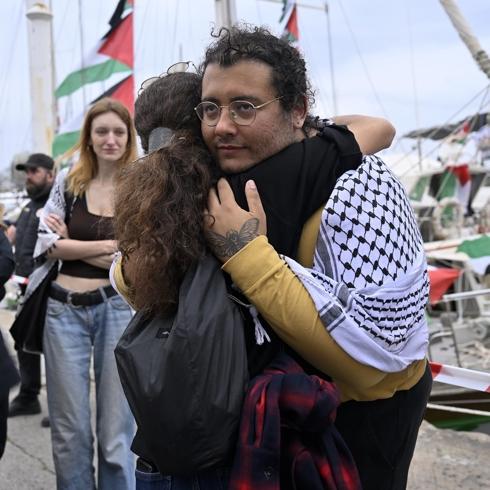 K�resel Sumud Filosu g�c�n� art�rarak Barselona'dan Gazze'ye do�ru yola ��kt�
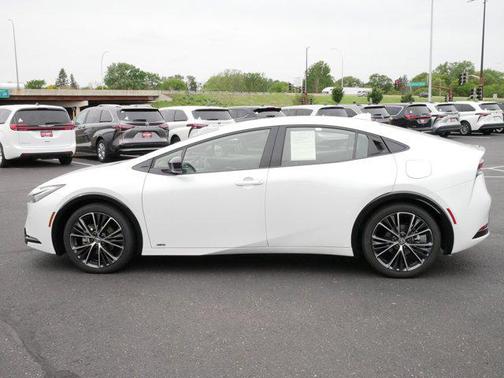 2024 Toyota Prius XLE
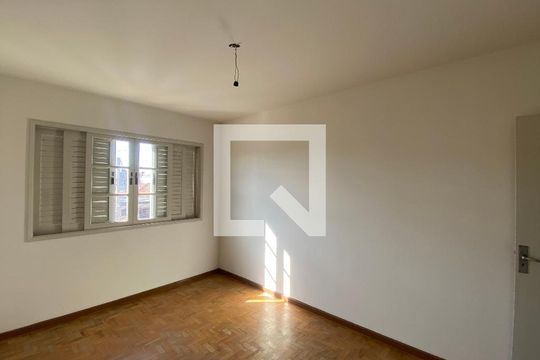 Quarto 1 de casa à venda com 6 quartos, 230m² em Jardim Itália, São Paulo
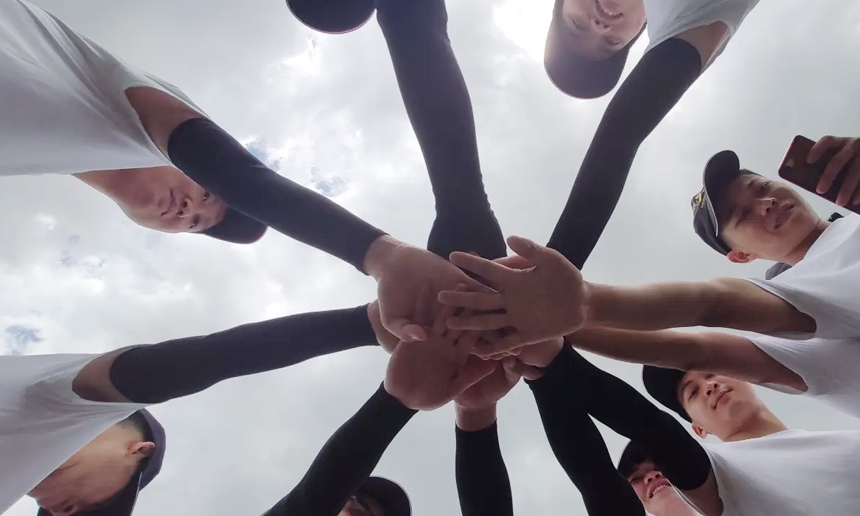 嘉信山海拓展團(tuán)——品嘗青島的海鮮特色，體驗(yàn)青島飲食文化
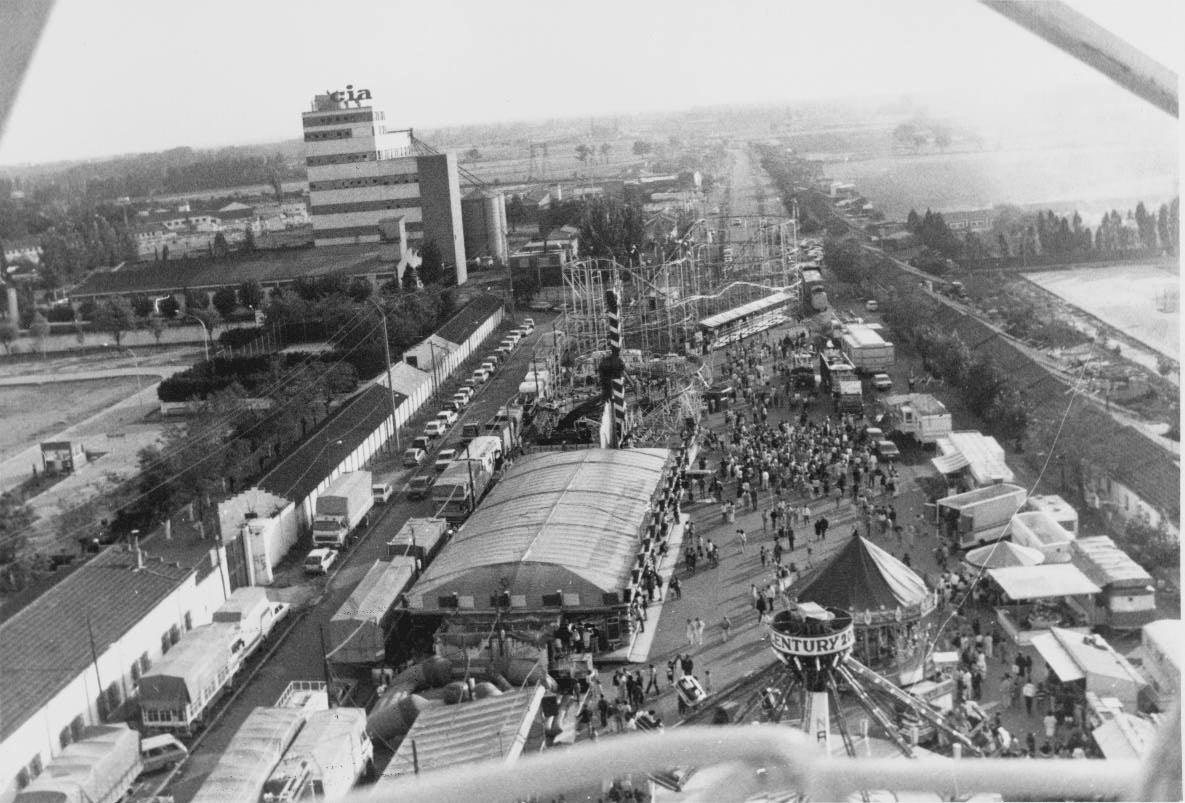 1986. Panorámica de las ferias instaladas en La Rubia.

= = = = = = =

__Task__. Find the line containing "Quarto 1 de" in the listing above. Restate it and every line after it, word for word, through the final line, leaving out the pictures.

__Task solution__.
 Quarto 1 de casa à venda com 6 quartos, 230m² em Jardim Itália, São Paulo
 嘉信山海拓展團(tuán)——品嘗青島的海鮮特色，體驗(yàn)青島飲食文化
 1986. Panorámica de las ferias instaladas en La Rubia.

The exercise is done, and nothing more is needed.